*** Opening Provided data ***

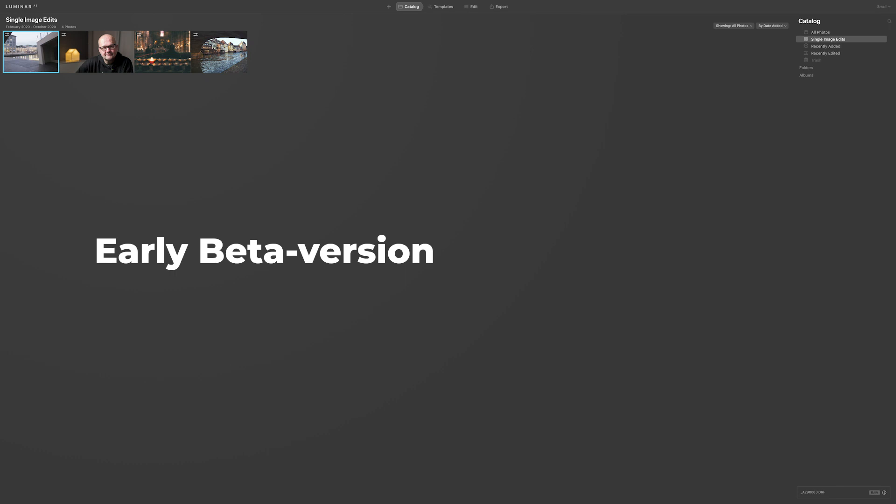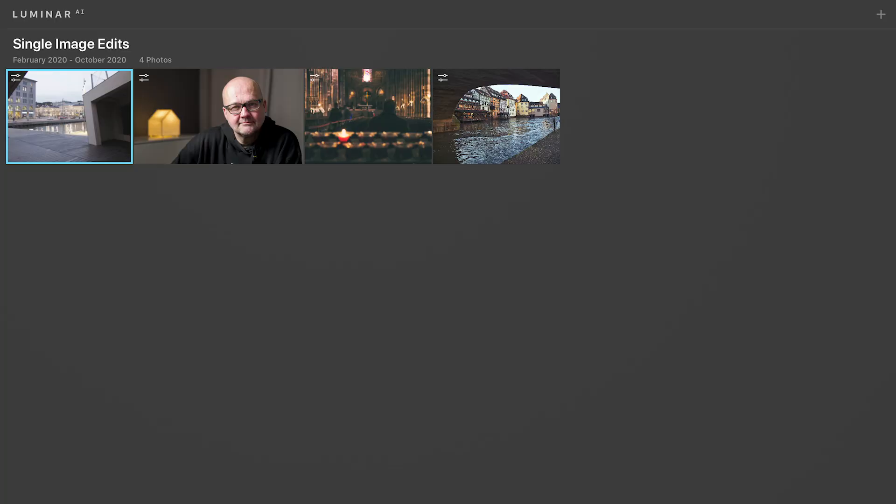I have to say that this is an early beta version of Luminar AI that I have access to. Some things might be a bit different when it's actually released, so this is just an introduction about the logic and how the AI works in Luminar — how they have implemented AI into image editing. I have some images here and I will show you how I would edit them in Luminar AI.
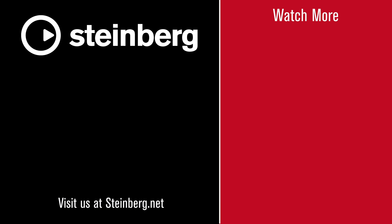We hope you enjoyed this video and thanks for watching. Spectralayers Pro 7 delivers audio empowerment. If you found this video helpful, please hit the like button and subscribe to the Steinberg channel.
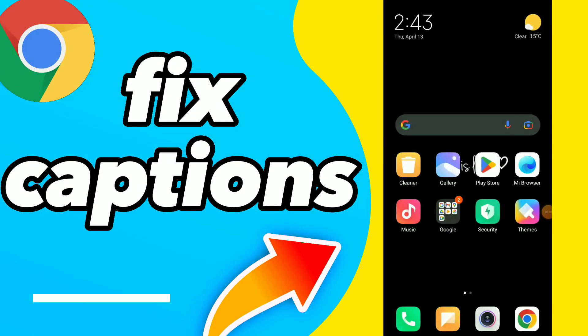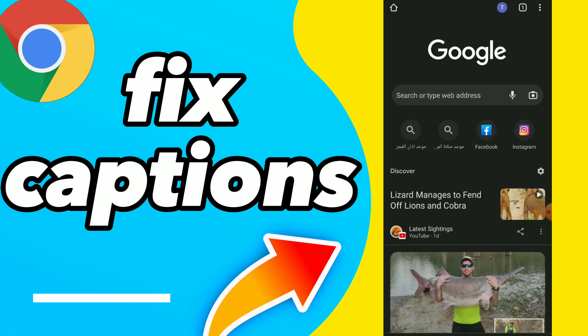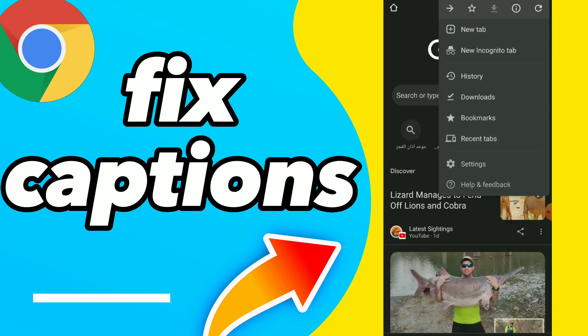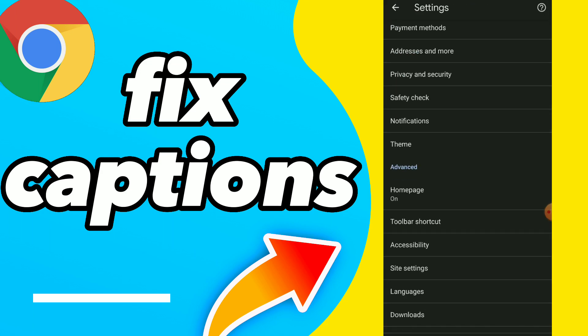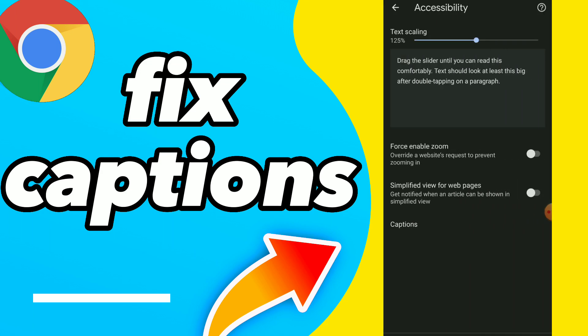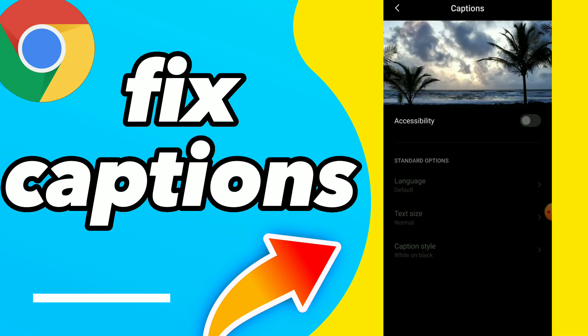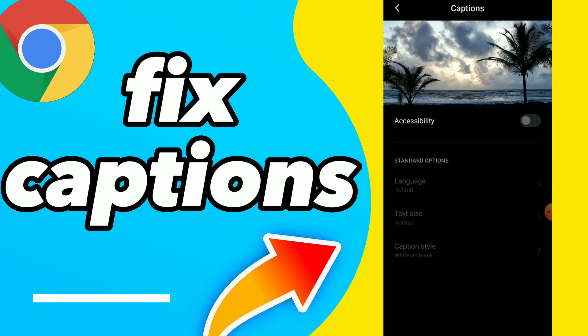Hi guys, in this video I will show you how to fix caption settings. Go to your Google Chrome, click on those three points, click on settings, scroll down and click on accessibility. Here you have the last option which is captions — you can turn it on or off, easy and quick.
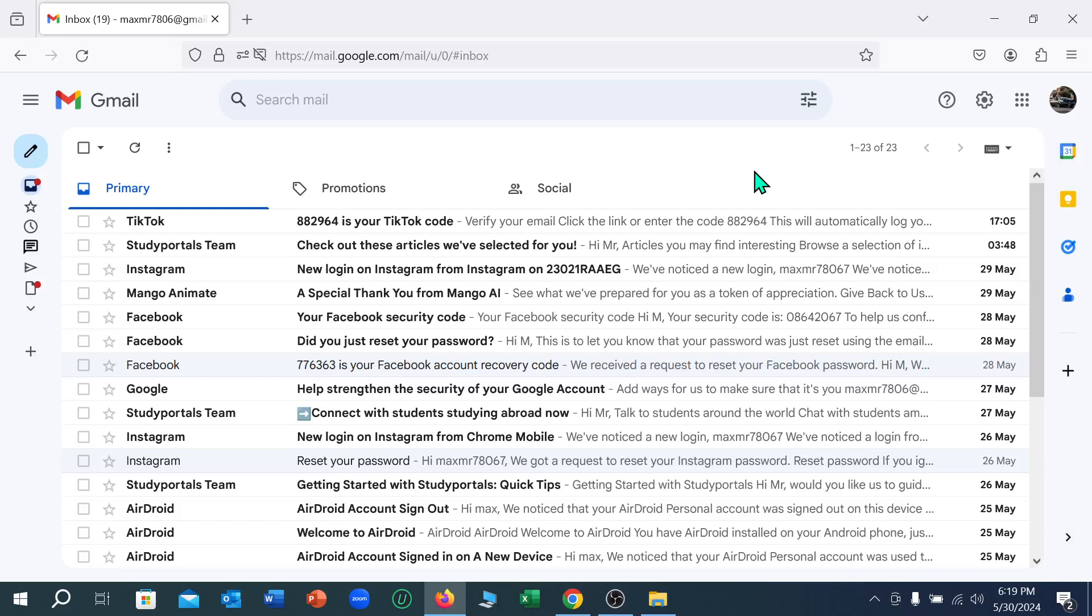Hello everyone, welcome back to my channel. Today in this video I'm going to show you how to unsubscribe all unwanted emails in Gmail. So let's begin. First of all, you can see I just opened my email. Now what I need to do is go to the search bar.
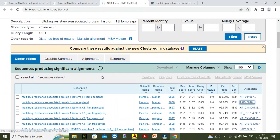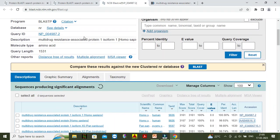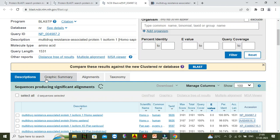The results can be summarized in the summary part: Description, Graphic Summary, Alignment, and Taxonomy. I have given details about the Graphic Summary in the previous lecture, so I will not go into the Graphic Summary in detail.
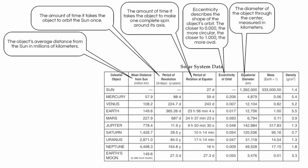Then we have the equatorial diameter, measured in kilometers. This is the distance through the object. So imagine going in one side of the Earth's equator, through the core, and out the other side. That is the diameter. The Earth has a diameter of just under 13,000 kilometers, making it the largest of the four terrestrial planets, but also much, much smaller than the Jovian planets.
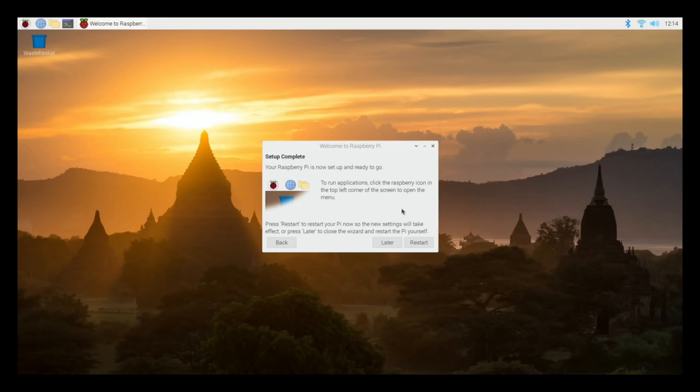Okay, so this is 64-bit Raspbian which has just been released. This is the beta version and I've installed it to an SSD drive.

*** Closing Provided data ***

* _Exercise directions_: Leave out the pictures and repeat the remaining data exactly.

* _Solution below_:
I have to say that this is an early beta version of Luminar AI that I have access to. Some things might be a bit different when it's actually released, so this is just an introduction about the logic and how the AI works in Luminar — how they have implemented AI into image editing. I have some images here and I will show you how I would edit them in Luminar AI.
We hope you enjoyed this video and thanks for watching. Spectralayers Pro 7 delivers audio empowerment. If you found this video helpful, please hit the like button and subscribe to the Steinberg channel.
Hi guys, in this video I will show you how to fix caption settings. Go to your Google Chrome, click on those three points, click on settings, scroll down and click on accessibility. Here you have the last option which is captions — you can turn it on or off, easy and quick.
Hello everyone, welcome back to my channel. Today in this video I'm going to show you how to unsubscribe all unwanted emails in Gmail. So let's begin. First of all, you can see I just opened my email. Now what I need to do is go to the search bar.
The results can be summarized in the summary part: Description, Graphic Summary, Alignment, and Taxonomy. I have given details about the Graphic Summary in the previous lecture, so I will not go into the Graphic Summary in detail.
Then we have the equatorial diameter, measured in kilometers. This is the distance through the object. So imagine going in one side of the Earth's equator, through the core, and out the other side. That is the diameter. The Earth has a diameter of just under 13,000 kilometers, making it the largest of the four terrestrial planets, but also much, much smaller than the Jovian planets.
Okay, so this is 64-bit Raspbian which has just been released. This is the beta version and I've installed it to an SSD drive.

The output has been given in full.